A meditation from 2007 on the connection between wildfire destruction and suburbanization in California.
Wikimedia Commons

Southern California is a land of risk and natural drama, where the unpredictable cycle of the seasons is as suspenseful as any noir novel. Her ranchers and farmers don’t so much settle the land as learn to roll with its punches, enjoying luxurious interludes of beauty between waves of disaster. Moreover, in Van der Veer’s time, the ‘back-country’ was truly that and a broad corridor of avocado and citrus orchards separated the cow ranches and turkey farms from the urbanised coastal strip.

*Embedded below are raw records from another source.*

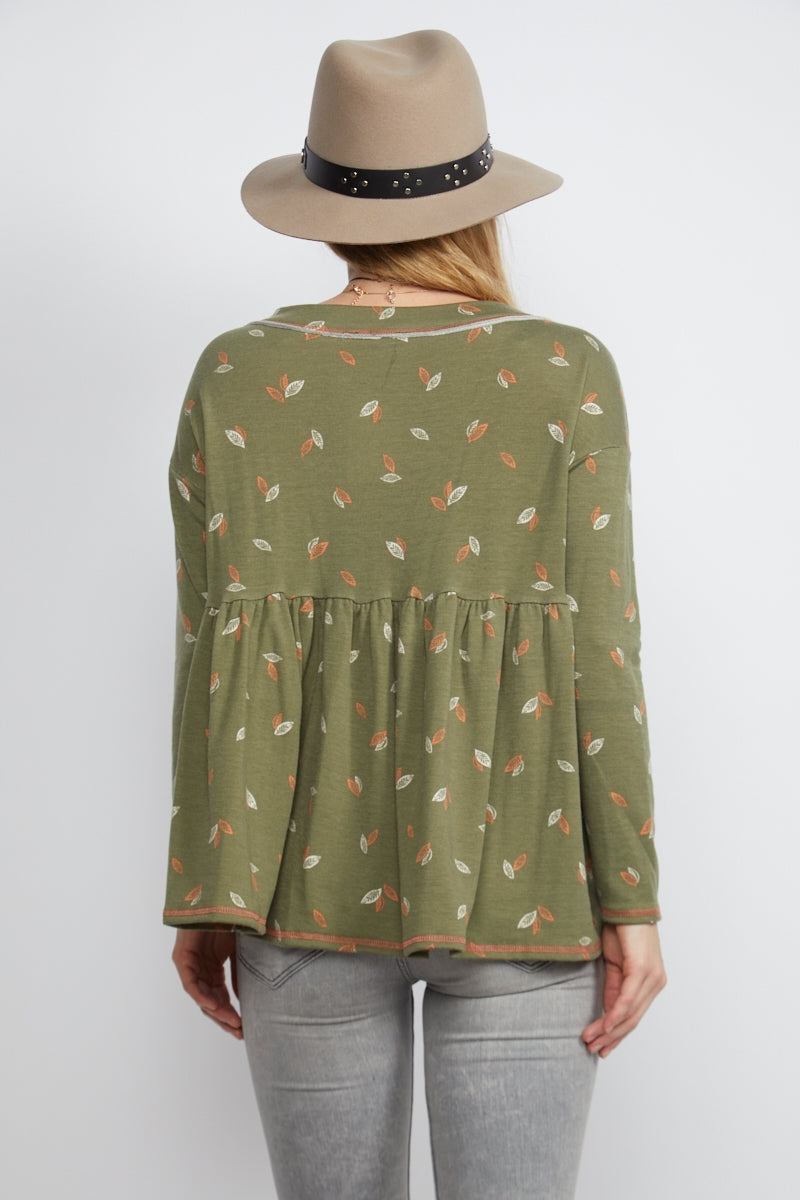 OLIVE FALL LEAVE PRINT DOLL STYLE TOP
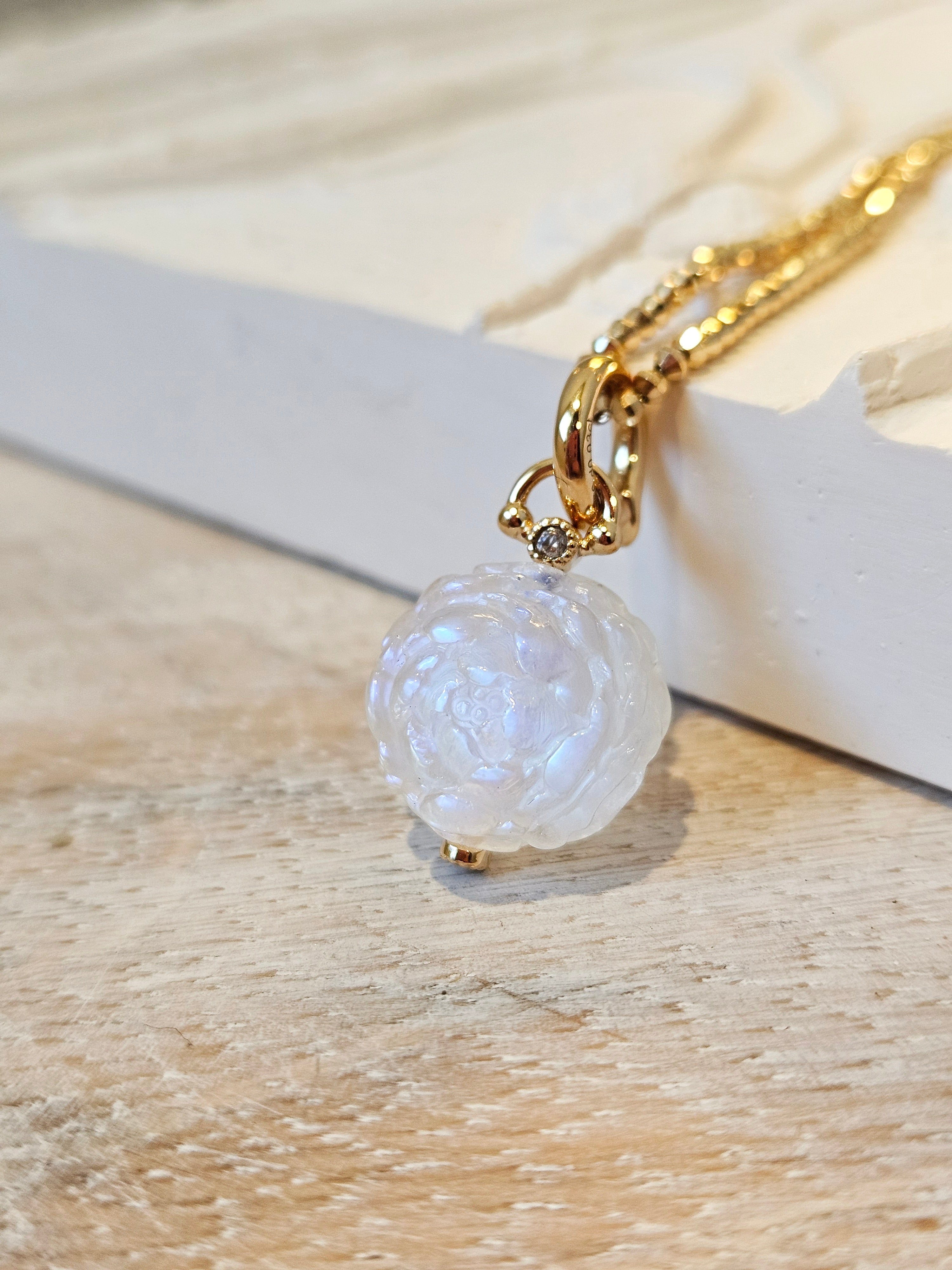 18K Yellow Solid Gold Hand Carved Rainbow Moonstone Peony Flower Ball Charm Pendant | Indulgems | Designs in Real Gold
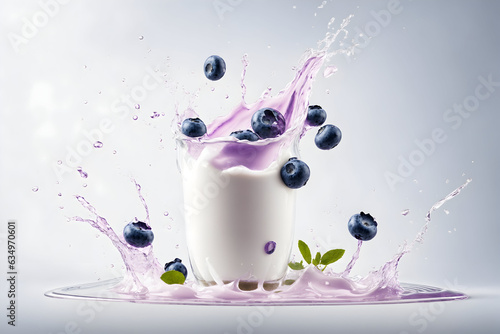 Yogurt splash in a glass with blueberry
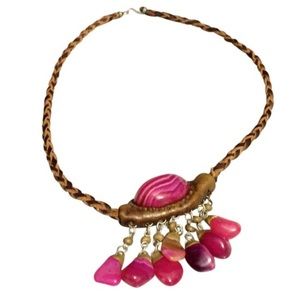 Antique pink rhodochrosite leather necklace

Three generations later, the vast citrus forests that once surrounded Los Angeles, as well as cities like Riverside and Anaheim, have been transformed into pink stucco death valleys full of bored teenagers and desperate housewives. East of Los Angeles, in the San Gorgonio Pass above Palm Springs, where 4000 giant wind turbines harvest the Santa Anas, new subdivisions are being built next to fifty-year-old chaparral standing eight feet high and yearning to burn. Throughout the foothills, meanwhile, free-range McMansions – often castellated in unconscious self-caricature – occupy rugged ocean-view peaks surrounded by what foresters grimly refer to as ‘diesel stands’ of dying pine and old brush.

The loss of more than 90 per cent of Southern California’s agricultural buffer zone is the principal if seldom mentioned reason wildfires increasingly incinerate such spectacular swathes of luxury real estate. It’s true that other ingredients – La Niña droughts, fire suppression (which sponsors the accumulation of fuel), bark beetle infestations and probably global warming – contribute to the annual infernos that have become as predictable as Guy Fawkes bonfires. But what makes us most vulnerable is the abruptness of what is called the ‘wildland-urban interface’, where real estate collides with fire ecology. And castles without their glacises are not very defensible.